SDP Feasibility Problem in CVX

What algorithm does CVX implement when solving the “feasibility problem” for SDPs? That is, I have the feasible set for an SDP, and CVX produces a feasible solution. Is there a good reference??

On a deeper level; my (preliminary) understanding is that, unlike for LPs and the simplex, the “presolving step” of finding a feasible solution for an SDP is not an SDP. This is all the more confusing to me because all the hype about semi-algebraic optimization arises from the observation that nonnegativity certificates can be phrased as SDP feasibility problems, for which we have “fast” algorithms…yet most algorithms for SDP problems start by assuming a feasible solution (at least a feasible psd matrix as part of the initial solution…). Then one wonders: what are the good references detailing algorithms for finding a feasible point (psd matrix) given PSD program constraints?

CVX uses the same solvers for feasibility as it does for solving standard optimization problems—it just sets the objective function to zero.

That’s my point: submitting the problem with a 0 objective is just telling the program: once you found an initial solution (i.e., once you’ve solved the “feasibility problem”), stop, and report that solution.

Now, EITHER there is a way to phrase the feasibility problem as an SDP with an obvious starting value (which I don’t think is the case). In which case the question would be: what is the formulation of the SDP?

OR, the algorithm for finding the initial solution (i.e., for solving the “feasibility problem”) is different from the one you use to solve the SDP once you have an initial solution. In that case, the question (the right one, I think) is: what is the algorithm used to find a feasible solution?

Is that algorithm different if you just want a feasible solution, not necessarily a “good” starting value for the optimization problem??

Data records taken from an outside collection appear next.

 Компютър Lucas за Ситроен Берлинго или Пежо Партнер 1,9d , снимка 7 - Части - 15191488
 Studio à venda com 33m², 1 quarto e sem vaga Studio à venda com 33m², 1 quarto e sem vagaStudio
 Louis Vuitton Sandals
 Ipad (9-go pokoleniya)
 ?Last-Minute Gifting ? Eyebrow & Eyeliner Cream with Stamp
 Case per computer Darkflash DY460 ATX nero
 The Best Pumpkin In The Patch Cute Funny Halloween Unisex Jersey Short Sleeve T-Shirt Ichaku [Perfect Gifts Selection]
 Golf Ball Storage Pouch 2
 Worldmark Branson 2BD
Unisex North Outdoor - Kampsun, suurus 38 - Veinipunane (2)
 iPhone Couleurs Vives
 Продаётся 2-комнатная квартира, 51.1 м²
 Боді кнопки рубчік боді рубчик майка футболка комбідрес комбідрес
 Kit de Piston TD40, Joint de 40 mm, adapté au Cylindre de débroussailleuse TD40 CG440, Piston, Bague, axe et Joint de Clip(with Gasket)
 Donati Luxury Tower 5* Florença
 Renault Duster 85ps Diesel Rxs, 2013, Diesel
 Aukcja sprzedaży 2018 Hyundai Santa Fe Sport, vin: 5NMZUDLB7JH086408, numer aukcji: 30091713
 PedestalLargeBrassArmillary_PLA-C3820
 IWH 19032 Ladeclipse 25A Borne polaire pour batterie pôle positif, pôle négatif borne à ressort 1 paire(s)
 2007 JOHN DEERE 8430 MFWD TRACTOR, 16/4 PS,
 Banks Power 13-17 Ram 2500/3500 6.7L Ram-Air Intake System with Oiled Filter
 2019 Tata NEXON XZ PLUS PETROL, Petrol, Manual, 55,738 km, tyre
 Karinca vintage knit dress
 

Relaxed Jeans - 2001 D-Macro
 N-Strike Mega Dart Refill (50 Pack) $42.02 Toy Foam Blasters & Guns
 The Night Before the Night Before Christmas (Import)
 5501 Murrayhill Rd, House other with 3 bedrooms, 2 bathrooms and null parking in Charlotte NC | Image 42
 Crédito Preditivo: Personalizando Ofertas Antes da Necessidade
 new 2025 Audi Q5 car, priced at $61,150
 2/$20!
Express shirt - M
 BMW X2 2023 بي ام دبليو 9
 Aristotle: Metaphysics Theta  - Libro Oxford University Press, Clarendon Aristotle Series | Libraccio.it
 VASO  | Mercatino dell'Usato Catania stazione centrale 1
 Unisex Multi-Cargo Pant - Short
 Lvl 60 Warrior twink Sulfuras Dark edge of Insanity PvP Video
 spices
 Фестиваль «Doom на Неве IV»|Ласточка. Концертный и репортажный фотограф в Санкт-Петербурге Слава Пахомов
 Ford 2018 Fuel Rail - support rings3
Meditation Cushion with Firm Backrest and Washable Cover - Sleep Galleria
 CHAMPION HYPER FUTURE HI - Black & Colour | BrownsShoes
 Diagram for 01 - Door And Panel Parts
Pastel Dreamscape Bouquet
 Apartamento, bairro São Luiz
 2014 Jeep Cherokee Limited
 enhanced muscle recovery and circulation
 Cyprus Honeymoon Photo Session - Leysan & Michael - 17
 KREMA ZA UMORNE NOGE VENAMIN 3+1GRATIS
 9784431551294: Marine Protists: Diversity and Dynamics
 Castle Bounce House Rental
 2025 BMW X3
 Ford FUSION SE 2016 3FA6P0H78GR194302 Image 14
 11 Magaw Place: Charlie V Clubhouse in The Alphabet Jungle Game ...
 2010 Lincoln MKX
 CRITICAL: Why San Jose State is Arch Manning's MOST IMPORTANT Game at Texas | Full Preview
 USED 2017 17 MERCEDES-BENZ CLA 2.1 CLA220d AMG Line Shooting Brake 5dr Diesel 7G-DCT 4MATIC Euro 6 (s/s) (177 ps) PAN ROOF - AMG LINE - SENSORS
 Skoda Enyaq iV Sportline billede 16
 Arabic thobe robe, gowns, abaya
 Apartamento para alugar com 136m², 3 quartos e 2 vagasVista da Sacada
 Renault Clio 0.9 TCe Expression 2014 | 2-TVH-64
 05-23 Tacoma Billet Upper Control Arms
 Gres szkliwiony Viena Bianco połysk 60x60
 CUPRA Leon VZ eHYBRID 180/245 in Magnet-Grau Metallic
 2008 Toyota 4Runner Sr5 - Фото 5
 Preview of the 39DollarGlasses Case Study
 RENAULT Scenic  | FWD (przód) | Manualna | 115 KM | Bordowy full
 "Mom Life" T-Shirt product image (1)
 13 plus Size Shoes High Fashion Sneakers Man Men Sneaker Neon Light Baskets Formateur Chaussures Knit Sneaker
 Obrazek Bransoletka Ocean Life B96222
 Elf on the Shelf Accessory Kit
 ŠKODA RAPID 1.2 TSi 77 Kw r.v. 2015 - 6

Well, at this point, you’re asking questions that are beyond the scope of this forum. CVX doesn’t solve feasibility problems any differently than optimization problems. It just sets the objective to zero, and passes the resulting model down to the solvers in an otherwise identical fashion, and those solvers don’t do anything differently either. Whether or not that is a good idea in theory is beyond the scope of this forum.